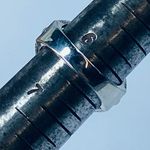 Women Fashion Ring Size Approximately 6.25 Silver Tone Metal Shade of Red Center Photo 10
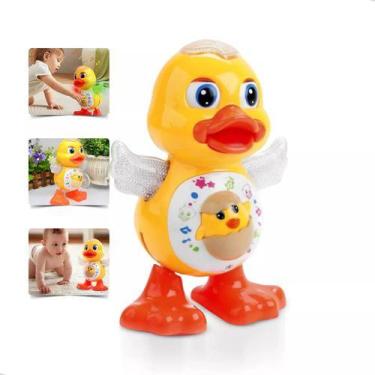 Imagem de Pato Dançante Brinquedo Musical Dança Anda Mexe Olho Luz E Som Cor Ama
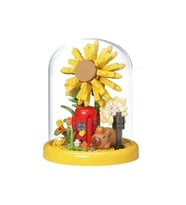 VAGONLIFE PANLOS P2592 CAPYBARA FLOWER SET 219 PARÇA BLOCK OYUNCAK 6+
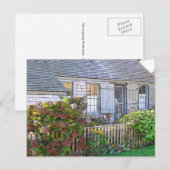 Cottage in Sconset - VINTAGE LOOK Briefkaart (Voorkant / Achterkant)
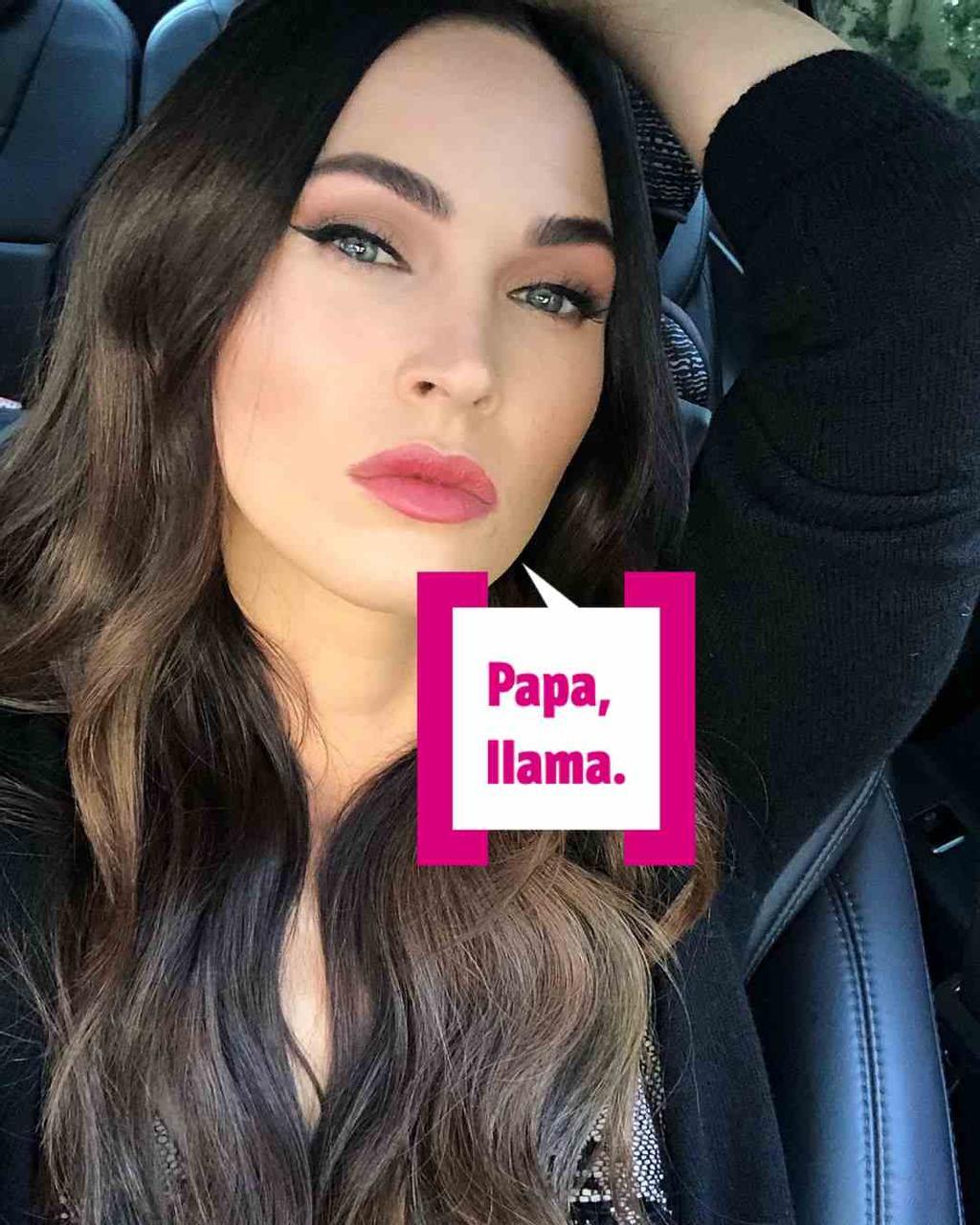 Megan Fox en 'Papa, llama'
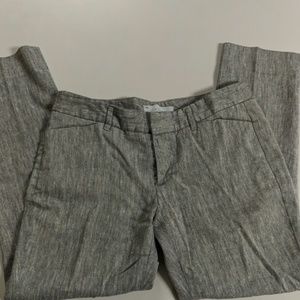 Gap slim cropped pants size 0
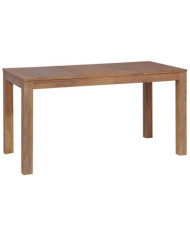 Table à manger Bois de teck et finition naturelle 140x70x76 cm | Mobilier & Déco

--------------------

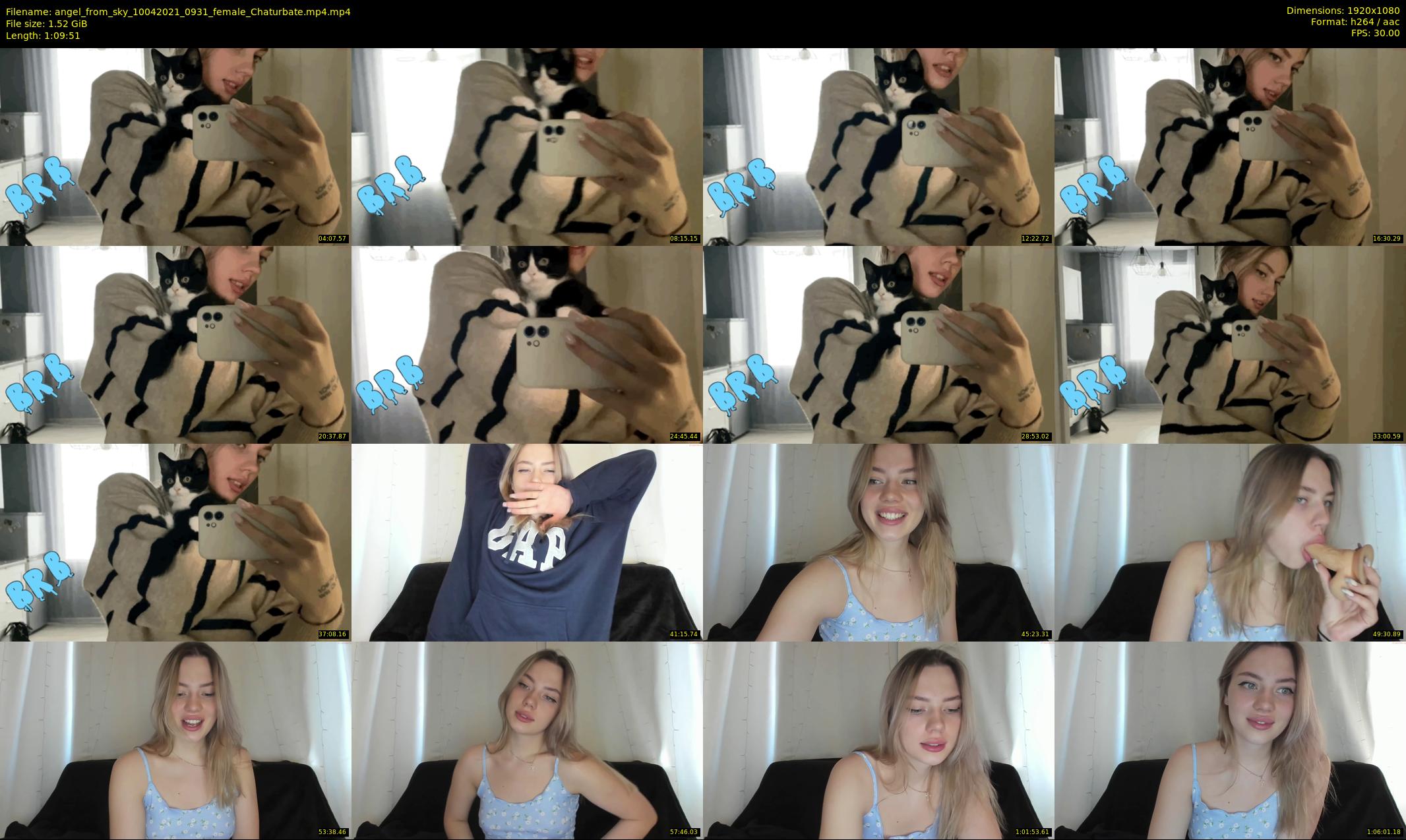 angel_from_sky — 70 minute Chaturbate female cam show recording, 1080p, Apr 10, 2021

--------------------

What's needed is an exact copy of the lines above from the one with "VAGONLIFE PANLOS P2592" through the one with "Gap slim cropped pants size 0", both included; the pictures stay out.

 VAGONLIFE PANLOS P2592 CAPYBARA FLOWER SET 219 PARÇA BLOCK OYUNCAK 6+
 Cottage in Sconset - VINTAGE LOOK Briefkaart (Voorkant / Achterkant)
 Megan Fox en 'Papa, llama'
 Gap slim cropped pants size 0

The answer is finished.